>>>>
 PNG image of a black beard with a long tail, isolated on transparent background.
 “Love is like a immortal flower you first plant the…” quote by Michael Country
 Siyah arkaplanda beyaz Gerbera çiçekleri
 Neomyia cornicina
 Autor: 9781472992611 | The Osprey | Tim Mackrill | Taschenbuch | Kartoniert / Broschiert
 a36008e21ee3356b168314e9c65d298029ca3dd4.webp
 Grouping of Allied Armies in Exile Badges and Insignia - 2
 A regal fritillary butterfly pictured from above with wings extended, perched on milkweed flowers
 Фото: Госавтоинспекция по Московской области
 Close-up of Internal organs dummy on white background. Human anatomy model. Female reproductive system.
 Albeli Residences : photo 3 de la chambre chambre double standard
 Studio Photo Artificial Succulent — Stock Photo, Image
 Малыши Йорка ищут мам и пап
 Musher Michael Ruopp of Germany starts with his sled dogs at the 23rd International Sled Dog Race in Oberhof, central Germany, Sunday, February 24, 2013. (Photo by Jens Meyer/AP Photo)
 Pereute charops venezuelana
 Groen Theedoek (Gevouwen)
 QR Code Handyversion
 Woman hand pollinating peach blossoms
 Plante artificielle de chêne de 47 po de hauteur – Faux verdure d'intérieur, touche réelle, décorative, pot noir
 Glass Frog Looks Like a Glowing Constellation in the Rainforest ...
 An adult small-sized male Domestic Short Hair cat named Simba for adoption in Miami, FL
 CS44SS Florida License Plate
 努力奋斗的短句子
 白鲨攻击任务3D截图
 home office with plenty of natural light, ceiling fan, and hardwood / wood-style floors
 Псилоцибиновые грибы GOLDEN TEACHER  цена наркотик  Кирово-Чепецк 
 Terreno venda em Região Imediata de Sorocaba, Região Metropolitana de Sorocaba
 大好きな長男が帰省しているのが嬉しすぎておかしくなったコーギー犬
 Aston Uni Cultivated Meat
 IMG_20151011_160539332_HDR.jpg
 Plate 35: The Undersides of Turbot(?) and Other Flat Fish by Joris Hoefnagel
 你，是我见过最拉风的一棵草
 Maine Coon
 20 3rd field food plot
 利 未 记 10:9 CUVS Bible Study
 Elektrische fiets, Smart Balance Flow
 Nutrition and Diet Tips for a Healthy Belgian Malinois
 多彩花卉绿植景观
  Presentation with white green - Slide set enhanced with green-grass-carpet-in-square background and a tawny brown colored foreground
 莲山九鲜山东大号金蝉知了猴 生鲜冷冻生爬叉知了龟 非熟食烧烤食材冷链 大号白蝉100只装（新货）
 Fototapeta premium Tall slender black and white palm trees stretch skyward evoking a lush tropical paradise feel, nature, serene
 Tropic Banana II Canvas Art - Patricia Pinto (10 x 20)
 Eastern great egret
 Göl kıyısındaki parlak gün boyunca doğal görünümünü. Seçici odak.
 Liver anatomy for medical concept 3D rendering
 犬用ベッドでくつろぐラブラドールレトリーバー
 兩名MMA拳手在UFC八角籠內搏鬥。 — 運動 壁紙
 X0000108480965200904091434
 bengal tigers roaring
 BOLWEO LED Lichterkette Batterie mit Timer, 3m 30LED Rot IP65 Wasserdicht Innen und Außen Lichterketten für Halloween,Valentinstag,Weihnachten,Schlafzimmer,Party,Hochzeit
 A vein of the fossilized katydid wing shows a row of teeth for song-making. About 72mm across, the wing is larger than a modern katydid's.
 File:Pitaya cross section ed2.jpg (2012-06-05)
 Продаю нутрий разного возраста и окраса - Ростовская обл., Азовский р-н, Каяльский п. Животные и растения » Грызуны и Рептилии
<<<<
◆ What you are asked to do ◆
All of the data above should be transcribed exactly.

◆ Solution ◆
 PNG image of a black beard with a long tail, isolated on transparent background.
 “Love is like a immortal flower you first plant the…” quote by Michael Country
 Siyah arkaplanda beyaz Gerbera çiçekleri
 Neomyia cornicina
 Autor: 9781472992611 | The Osprey | Tim Mackrill | Taschenbuch | Kartoniert / Broschiert
 a36008e21ee3356b168314e9c65d298029ca3dd4.webp
 Grouping of Allied Armies in Exile Badges and Insignia - 2
 A regal fritillary butterfly pictured from above with wings extended, perched on milkweed flowers
 Фото: Госавтоинспекция по Московской области
 Close-up of Internal organs dummy on white background. Human anatomy model. Female reproductive system.
 Albeli Residences : photo 3 de la chambre chambre double standard
 Studio Photo Artificial Succulent — Stock Photo, Image
 Малыши Йорка ищут мам и пап
 Musher Michael Ruopp of Germany starts with his sled dogs at the 23rd International Sled Dog Race in Oberhof, central Germany, Sunday, February 24, 2013. (Photo by Jens Meyer/AP Photo)
 Pereute charops venezuelana
 Groen Theedoek (Gevouwen)
 QR Code Handyversion
 Woman hand pollinating peach blossoms
 Plante artificielle de chêne de 47 po de hauteur – Faux verdure d'intérieur, touche réelle, décorative, pot noir
 Glass Frog Looks Like a Glowing Constellation in the Rainforest ...
 An adult small-sized male Domestic Short Hair cat named Simba for adoption in Miami, FL
 CS44SS Florida License Plate
 努力奋斗的短句子
 白鲨攻击任务3D截图
 home office with plenty of natural light, ceiling fan, and hardwood / wood-style floors
 Псилоцибиновые грибы GOLDEN TEACHER  цена наркотик  Кирово-Чепецк 
 Terreno venda em Região Imediata de Sorocaba, Região Metropolitana de Sorocaba
 大好きな長男が帰省しているのが嬉しすぎておかしくなったコーギー犬
 Aston Uni Cultivated Meat
 IMG_20151011_160539332_HDR.jpg
 Plate 35: The Undersides of Turbot(?) and Other Flat Fish by Joris Hoefnagel
 你，是我见过最拉风的一棵草
 Maine Coon
 20 3rd field food plot
 利 未 记 10:9 CUVS Bible Study
 Elektrische fiets, Smart Balance Flow
 Nutrition and Diet Tips for a Healthy Belgian Malinois
 多彩花卉绿植景观
  Presentation with white green - Slide set enhanced with green-grass-carpet-in-square background and a tawny brown colored foreground
 莲山九鲜山东大号金蝉知了猴 生鲜冷冻生爬叉知了龟 非熟食烧烤食材冷链 大号白蝉100只装（新货）
 Fototapeta premium Tall slender black and white palm trees stretch skyward evoking a lush tropical paradise feel, nature, serene
 Tropic Banana II Canvas Art - Patricia Pinto (10 x 20)
 Eastern great egret
 Göl kıyısındaki parlak gün boyunca doğal görünümünü. Seçici odak.
 Liver anatomy for medical concept 3D rendering
 犬用ベッドでくつろぐラブラドールレトリーバー
 兩名MMA拳手在UFC八角籠內搏鬥。 — 運動 壁紙
 X0000108480965200904091434
 bengal tigers roaring
 BOLWEO LED Lichterkette Batterie mit Timer, 3m 30LED Rot IP65 Wasserdicht Innen und Außen Lichterketten für Halloween,Valentinstag,Weihnachten,Schlafzimmer,Party,Hochzeit
 A vein of the fossilized katydid wing shows a row of teeth for song-making. About 72mm across, the wing is larger than a modern katydid's.
 File:Pitaya cross section ed2.jpg (2012-06-05)
 Продаю нутрий разного возраста и окраса - Ростовская обл., Азовский р-н, Каяльский п. Животные и растения » Грызуны и Рептилии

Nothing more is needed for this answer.